Having occupied the position of the approval of nicotine for those who can not quit, but we want to reduce the risk of harm, OCF also recognizes that there is conflicting information about the long-term use of nicotine and its effects on the body. It is probably not as benign as caffeine, some Insinuate, but as yet there is evidence, we find that the lesser of two evils when it comes to the bigger picture of harm reduction. As a result, OCF can not support a policy of adding to the case of other types of cancer, including a very deadly pancreatic cancer, but also as a contribution to other serious diseases, even if there sa good (harm reduction in tobacco smokers), to be served, if it means that the additional mortality and morbidity of the victims with the help of new cancer patients with different types and other painful conditions. If we are prepared to defend the various poisons of tobacco only on the grounds that it would help one group, but the pain of another, to a lesser extent, that is moral, not a science is a question that must be addressed.
Studies show that regular use of snuff and chewing tobacco is associated with increased risk of developing oral cancer. Our patient is a Survivor message board has a lot of real people living who can speak with their addiction and their development of oral cancer, for those who doubt. This is particularly worrying that an increasing number of young people when using such products. Marketing strategies of tobacco companies to sell these products with fruit flavors that are particularly bait for our young people is particularly deplorable. Smokeless tobacco increases the risk of cancer of the oral cavity, pharynx (throat), larynx and esophagus.

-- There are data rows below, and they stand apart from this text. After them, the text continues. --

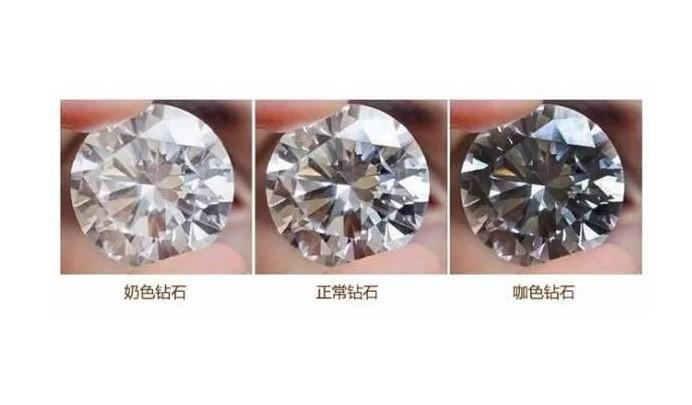 二,奶钻,咖钻完全不能忽视钻石的荧光是指钻石受到紫外线照射时发出光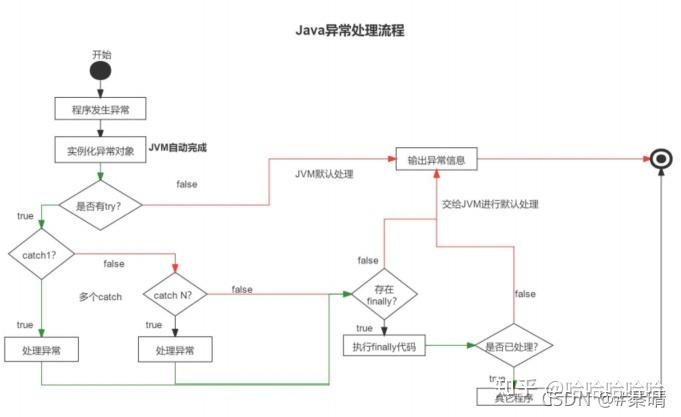 如何将Java开发项目的系统日志与异常日志记录方法改写为一个高效且全面的日志管理解决方案？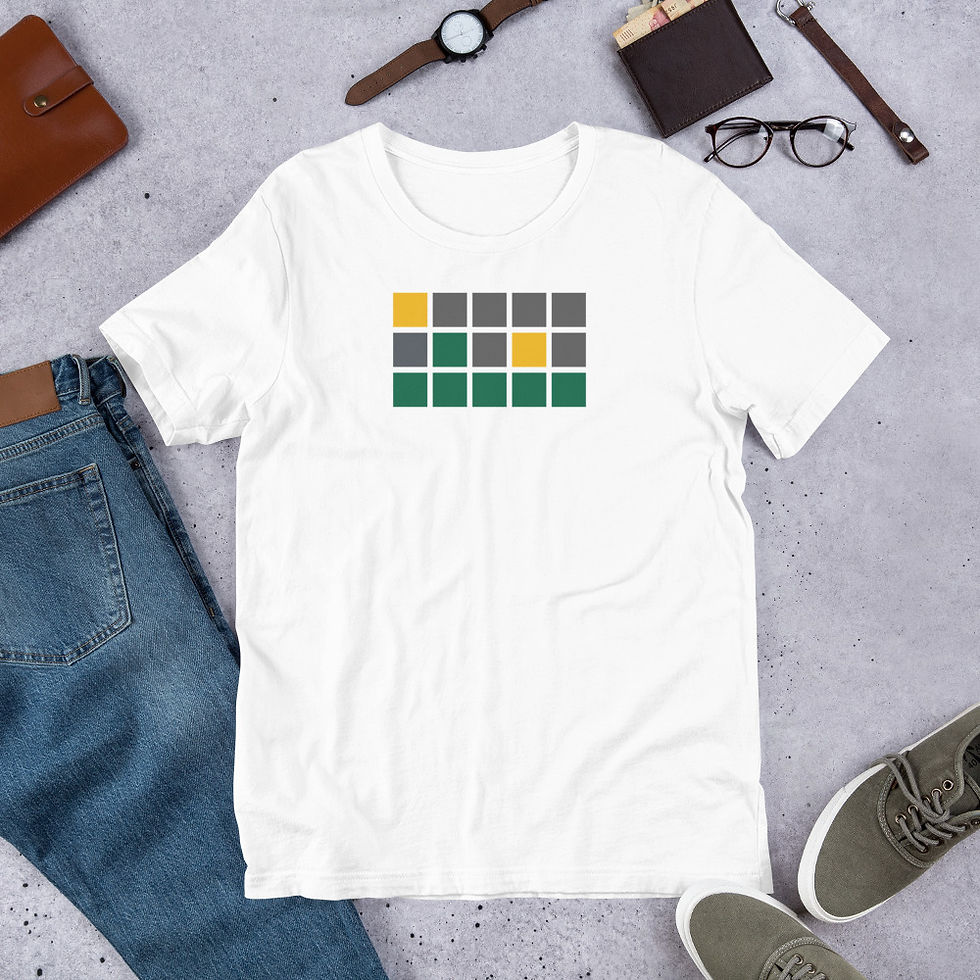Thumbnail: Wordle Mockup Image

Oral cancer can include cancer of the lips, tongue, cheeks, gums, as well as floor and roof of the mouth and tonsils, and or pharynx (back of the throat), and it kills easily through metastasis from the oral cavity to the vital organs of the body. People who use tobacco have a much greater risk of developing cancer of cheek and gum than people who do not use tobacco.
While some proponents argue that smokeless tobacco companies are not aggressively marketing their products in our youth, they mistakenly believe that the viral spread of tobacco marketing on the Internet is transparent.